Step 3: Cover the trimmed butts of the wing calf hair with an even layer of thread wraps. Clip a tuft of moose body hair, clean, and stack. Measure the tail the length of the hook shank. Tie in the tail just forward of the start of the hook bend. Wind the thread forward to the butt of the wings and trim the tail butts to create an even underbody.

STEP 3
STEP 3

Step 4: Tie in a length of Mylar with the side you eventually want to see facing away from you. Now clip a tuft of deer hair, clean away the short hairs and underfur, and stack it. Pinch the hair by the butts in your off hand and trim the butts cleanly, close to your fingers. With the hair tips pointing aft, tie in the hair near the midpoint of the hook shank. Cover the hair back to the base of the tail, then wind forward toward the wing, continuing to create an even underbody. Now cover the underbody with overlapping turns of Mylar. Tie off the Mylar ahead of the midpoint and trim the excess.

STEP 4
STEP 4

Step 5: Pull the deer hair shellback forward with a slight twist to compact it and lash it firmly at about the same point you tied in the shellback butts.

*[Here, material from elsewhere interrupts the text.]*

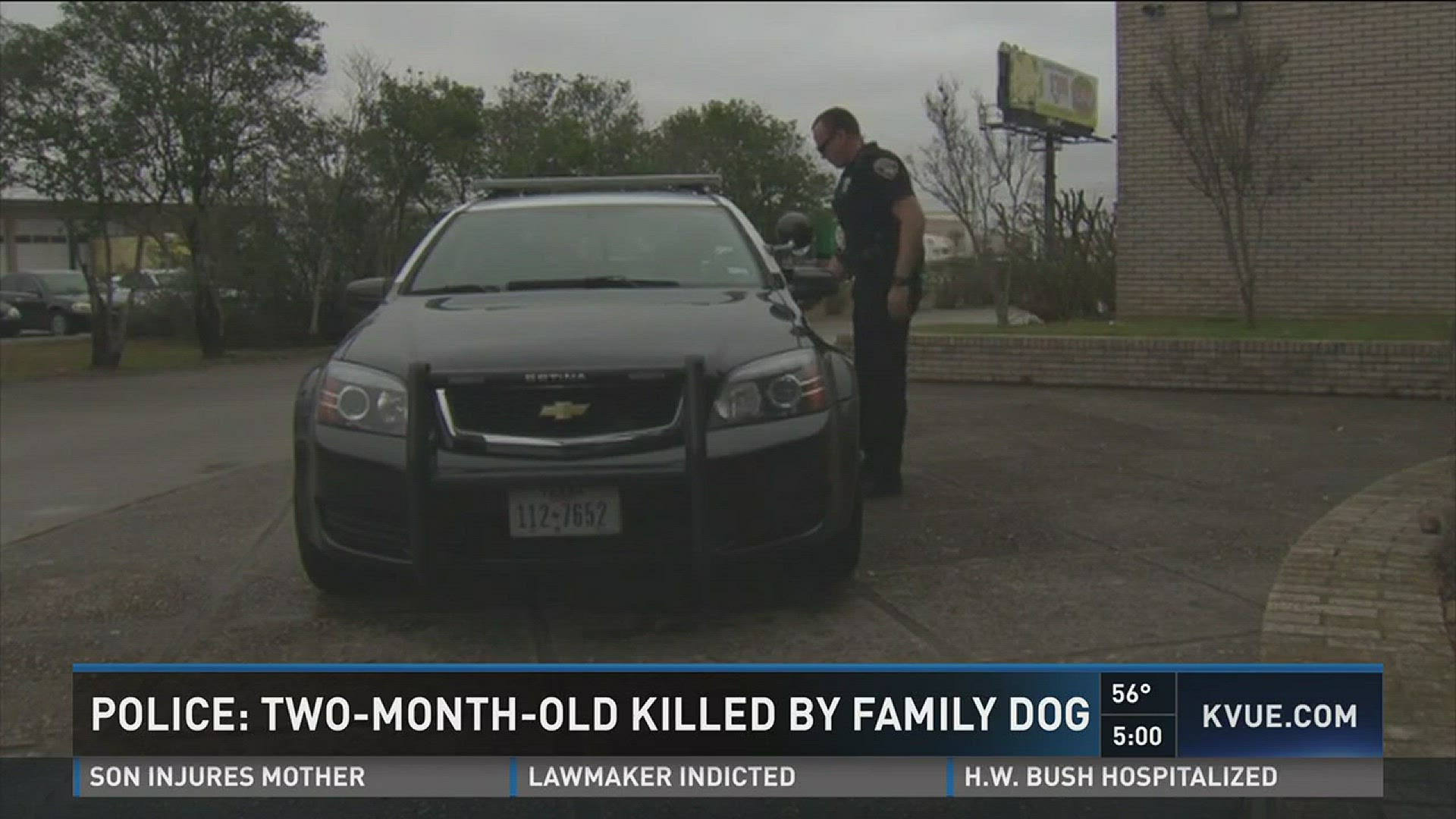 Police: 2-month-old killed by family dog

Trim the excess shellback hair. You should now have some space behind the wing for the rear hackle, as well as space in front of the wing for several turns of forward hackle.

STEP 5
STEP 5

Step 6: Select a long saddle hackle feather or pair of feathers from a rooster cape with fibers about one and a half times the width of the hook gap or slightly shorter than the height of the wing. Lash the stem of the hackle or hackles aft of the wing with the tips of the feather pointing toward the back of the f ly. Advance the thread to just behind the hook eye. Wind the hackle forward, with several turns behind the wing and several more forward. Tie off behind the eye of the hook, clip the excess, and whip finish. Saturate the final thread wraps with lacquer or your favorite head cement. (For the picture of step 6, see the completed fly at the top of the post.)